- _Description of the task_: Only one span is wanted from the lines below: from the one with "As always, do" up to and including the one with "Mrs. Pinto, I". Copy it exactly, without images.

- _Working data_:
━━━━━━
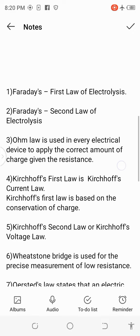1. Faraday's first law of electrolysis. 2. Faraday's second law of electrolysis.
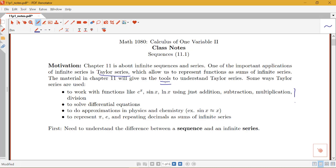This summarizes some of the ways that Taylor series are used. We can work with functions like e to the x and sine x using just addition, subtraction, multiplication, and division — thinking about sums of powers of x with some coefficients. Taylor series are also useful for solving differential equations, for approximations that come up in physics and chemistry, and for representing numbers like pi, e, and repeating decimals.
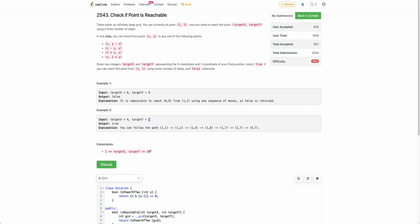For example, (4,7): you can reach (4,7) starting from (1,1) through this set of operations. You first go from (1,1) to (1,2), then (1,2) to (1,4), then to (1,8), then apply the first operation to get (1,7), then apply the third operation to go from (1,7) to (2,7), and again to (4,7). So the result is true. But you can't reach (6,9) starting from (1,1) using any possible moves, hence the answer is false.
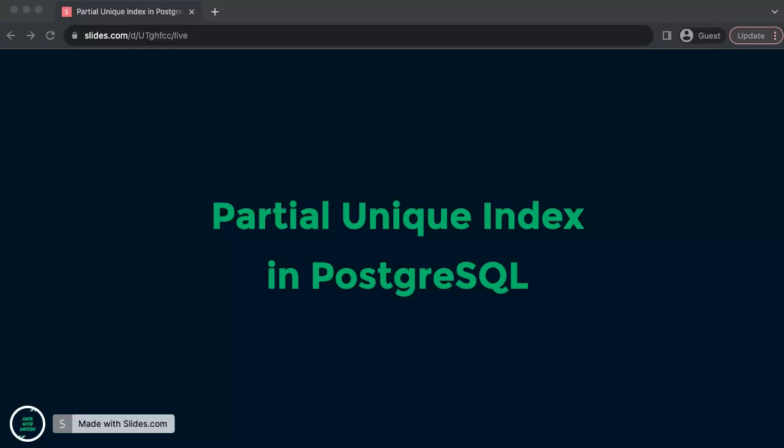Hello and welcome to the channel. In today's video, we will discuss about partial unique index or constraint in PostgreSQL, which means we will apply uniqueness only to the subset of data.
━━━━━━
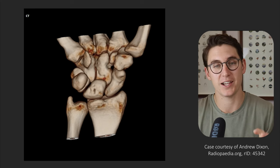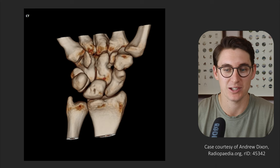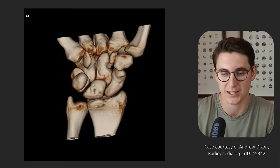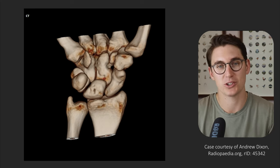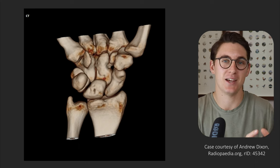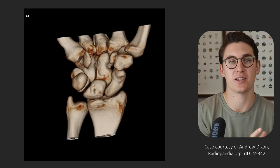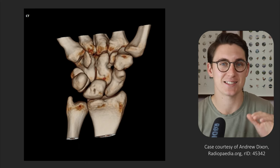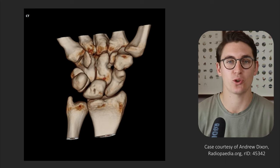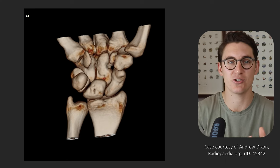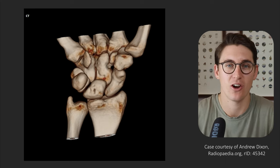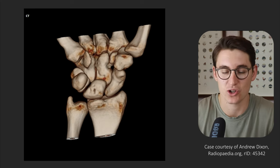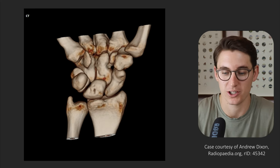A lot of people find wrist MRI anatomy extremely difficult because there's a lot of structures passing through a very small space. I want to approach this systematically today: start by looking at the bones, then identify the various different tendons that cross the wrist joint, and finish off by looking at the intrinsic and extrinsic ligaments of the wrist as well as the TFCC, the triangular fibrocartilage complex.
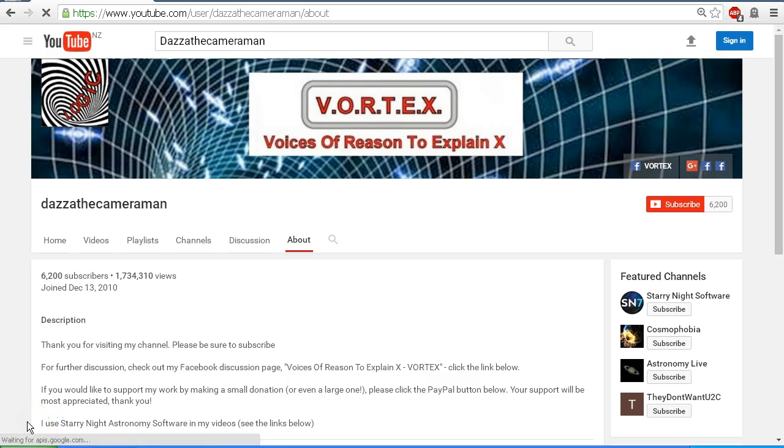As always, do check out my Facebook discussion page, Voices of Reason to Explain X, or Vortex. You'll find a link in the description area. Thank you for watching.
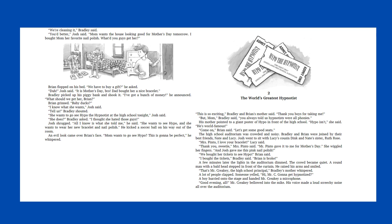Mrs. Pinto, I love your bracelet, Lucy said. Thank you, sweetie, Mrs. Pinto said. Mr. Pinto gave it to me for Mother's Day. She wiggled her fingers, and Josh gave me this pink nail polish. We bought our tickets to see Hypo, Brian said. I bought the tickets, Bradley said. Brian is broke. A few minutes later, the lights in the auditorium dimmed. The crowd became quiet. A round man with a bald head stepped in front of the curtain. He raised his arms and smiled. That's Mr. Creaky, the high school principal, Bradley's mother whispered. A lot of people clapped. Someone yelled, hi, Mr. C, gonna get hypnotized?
━━━━━━
- _Output for this task_:
As always, do check out my Facebook discussion page, Voices of Reason to Explain X, or Vortex. You'll find a link in the description area. Thank you for watching.
Mrs. Pinto, I love your bracelet, Lucy said. Thank you, sweetie, Mrs. Pinto said. Mr. Pinto gave it to me for Mother's Day. She wiggled her fingers, and Josh gave me this pink nail polish. We bought our tickets to see Hypo, Brian said. I bought the tickets, Bradley said. Brian is broke. A few minutes later, the lights in the auditorium dimmed. The crowd became quiet. A round man with a bald head stepped in front of the curtain. He raised his arms and smiled. That's Mr. Creaky, the high school principal, Bradley's mother whispered. A lot of people clapped. Someone yelled, hi, Mr. C, gonna get hypnotized?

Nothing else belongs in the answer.